Потом мы сидели за кухонным столом, ели что-то, приготовленное кухонным автоматом. Жена что-то спрашивала. Я был углублен в себя и отмалчивался.
– Отдохни и начинай работу, – настаивала жена.
Я отмахнулся. После обеда мы поднялись на второй этаж и вышли на открытую веранду. И я спросил:
– Тебе не кажется всё это странным?
– Что именно, дорогой?
– Всё это. Коттедж, долина, река…
– О чем ты говоришь? Ты в порядке?
– Мне бы хотелось вернуться домой.
Я ушёл в кабинет. Настойчивость жены раздражала. Я сел в топологическое кресло и тупо уставился на экран включенного ноутбука, как будто хотел найти в нём нужные мне ответы. И тут на меня нашло. Я схватил диктофон и запустил его в компьютер. Он легко соскользнул со стола и шмякнулся об пол. Я вскочил. Блуждающим взором оглядел полки с книгами и принялся раскидывать их во все стороны. Жена вбежала, недоумевая.

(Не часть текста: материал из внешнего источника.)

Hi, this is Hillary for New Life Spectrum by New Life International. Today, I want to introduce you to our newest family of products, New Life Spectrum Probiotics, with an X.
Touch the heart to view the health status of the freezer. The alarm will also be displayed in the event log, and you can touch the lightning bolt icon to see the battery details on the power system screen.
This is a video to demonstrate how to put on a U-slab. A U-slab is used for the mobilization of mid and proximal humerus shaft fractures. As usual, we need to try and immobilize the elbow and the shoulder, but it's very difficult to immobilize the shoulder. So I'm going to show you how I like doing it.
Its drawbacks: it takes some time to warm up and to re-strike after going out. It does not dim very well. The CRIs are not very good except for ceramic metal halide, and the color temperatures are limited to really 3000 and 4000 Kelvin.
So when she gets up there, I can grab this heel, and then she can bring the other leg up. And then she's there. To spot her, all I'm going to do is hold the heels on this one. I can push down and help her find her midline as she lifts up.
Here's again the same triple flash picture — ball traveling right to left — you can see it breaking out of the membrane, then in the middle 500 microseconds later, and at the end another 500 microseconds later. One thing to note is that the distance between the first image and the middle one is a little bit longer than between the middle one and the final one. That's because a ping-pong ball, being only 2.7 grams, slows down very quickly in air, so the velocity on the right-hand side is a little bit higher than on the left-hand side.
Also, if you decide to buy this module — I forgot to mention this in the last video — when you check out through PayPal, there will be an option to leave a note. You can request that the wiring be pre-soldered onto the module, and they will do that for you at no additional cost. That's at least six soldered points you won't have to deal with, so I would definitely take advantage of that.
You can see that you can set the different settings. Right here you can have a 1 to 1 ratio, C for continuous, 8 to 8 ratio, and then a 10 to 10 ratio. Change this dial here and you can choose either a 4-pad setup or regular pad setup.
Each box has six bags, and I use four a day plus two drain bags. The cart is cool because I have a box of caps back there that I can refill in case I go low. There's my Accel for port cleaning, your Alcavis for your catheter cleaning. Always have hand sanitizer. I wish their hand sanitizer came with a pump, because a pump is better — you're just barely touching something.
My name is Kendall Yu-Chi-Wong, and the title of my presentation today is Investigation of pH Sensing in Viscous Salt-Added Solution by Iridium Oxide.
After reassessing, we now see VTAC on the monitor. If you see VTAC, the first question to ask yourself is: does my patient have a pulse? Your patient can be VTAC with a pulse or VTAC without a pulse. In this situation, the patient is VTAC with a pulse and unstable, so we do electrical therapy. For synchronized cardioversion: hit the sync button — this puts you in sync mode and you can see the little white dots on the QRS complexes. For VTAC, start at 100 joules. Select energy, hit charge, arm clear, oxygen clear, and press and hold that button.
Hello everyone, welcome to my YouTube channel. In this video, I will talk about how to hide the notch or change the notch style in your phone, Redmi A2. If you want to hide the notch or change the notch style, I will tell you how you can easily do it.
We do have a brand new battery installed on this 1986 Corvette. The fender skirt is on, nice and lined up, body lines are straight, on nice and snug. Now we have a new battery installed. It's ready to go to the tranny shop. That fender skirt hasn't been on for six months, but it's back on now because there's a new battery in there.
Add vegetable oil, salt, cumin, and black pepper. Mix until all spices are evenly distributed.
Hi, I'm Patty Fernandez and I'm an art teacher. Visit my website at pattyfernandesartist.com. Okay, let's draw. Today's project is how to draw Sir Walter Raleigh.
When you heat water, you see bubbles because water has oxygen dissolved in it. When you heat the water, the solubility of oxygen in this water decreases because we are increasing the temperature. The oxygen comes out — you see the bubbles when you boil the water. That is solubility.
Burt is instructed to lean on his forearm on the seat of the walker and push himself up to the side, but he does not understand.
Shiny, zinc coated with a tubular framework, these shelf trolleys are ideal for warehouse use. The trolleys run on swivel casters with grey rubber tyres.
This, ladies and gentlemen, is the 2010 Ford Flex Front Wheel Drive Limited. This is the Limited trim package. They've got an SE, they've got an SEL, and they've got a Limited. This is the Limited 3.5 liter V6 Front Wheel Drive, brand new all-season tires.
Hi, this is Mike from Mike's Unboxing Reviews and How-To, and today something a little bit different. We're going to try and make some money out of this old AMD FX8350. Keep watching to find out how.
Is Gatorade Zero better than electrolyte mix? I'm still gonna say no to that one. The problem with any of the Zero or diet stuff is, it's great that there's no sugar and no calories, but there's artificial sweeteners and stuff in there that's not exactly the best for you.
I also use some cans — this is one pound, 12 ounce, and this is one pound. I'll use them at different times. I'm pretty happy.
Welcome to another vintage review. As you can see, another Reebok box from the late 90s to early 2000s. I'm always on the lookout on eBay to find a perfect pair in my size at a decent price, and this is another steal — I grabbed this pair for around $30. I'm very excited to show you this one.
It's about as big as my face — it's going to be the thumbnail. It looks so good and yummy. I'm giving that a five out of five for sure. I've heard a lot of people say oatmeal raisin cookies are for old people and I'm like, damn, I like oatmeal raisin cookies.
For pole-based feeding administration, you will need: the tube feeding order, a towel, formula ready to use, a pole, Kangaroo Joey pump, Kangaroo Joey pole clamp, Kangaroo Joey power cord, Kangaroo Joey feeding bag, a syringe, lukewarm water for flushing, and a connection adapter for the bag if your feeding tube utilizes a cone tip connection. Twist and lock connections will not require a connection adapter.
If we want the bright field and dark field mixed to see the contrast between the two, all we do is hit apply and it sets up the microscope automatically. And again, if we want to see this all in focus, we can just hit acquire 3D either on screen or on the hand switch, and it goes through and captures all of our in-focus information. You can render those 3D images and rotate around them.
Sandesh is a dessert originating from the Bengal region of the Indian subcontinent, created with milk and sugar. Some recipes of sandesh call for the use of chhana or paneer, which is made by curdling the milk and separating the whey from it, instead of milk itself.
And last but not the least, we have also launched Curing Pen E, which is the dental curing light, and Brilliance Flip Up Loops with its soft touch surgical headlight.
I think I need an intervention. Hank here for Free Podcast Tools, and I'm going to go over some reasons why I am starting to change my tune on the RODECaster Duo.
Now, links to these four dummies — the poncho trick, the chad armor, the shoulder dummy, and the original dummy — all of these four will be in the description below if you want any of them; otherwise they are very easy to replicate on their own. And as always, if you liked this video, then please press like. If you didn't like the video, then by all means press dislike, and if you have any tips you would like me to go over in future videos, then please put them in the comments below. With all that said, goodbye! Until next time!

– Ловушка! – крикнул ей. – Это ловушка! С нами что-то происходит. Со мной, с тобой. С миром. Мы попали в ловушку.
– Прошу тебя: успокойся, – уговаривала она. – Просто у тебя не в порядке нервы. Нельзя так волноваться.
Она взяла мою левую руку, и я почувствовал неожиданную железную хватку её пальцев. Но она никогда не обладала такой силой. Мне ли этого не знать. Я вырвался. Она хотела догнать меня, но запнулась о разбросанные на полу книги, не удержалась и упала, ударившись головой об угол стола. До меня стала доходить вся нелепость и трагичность сцены. Я нагнулся, чтобы привести её в порядок. Но она не дышала. И тут я увидел… Голова её была пробита. Но крови не было. Под волосами зияла трещина. А в ней… Я в ужасе бросился бежать куда глаза глядят. Внутри её голова была нашпигована микроэлектронной мешаниной.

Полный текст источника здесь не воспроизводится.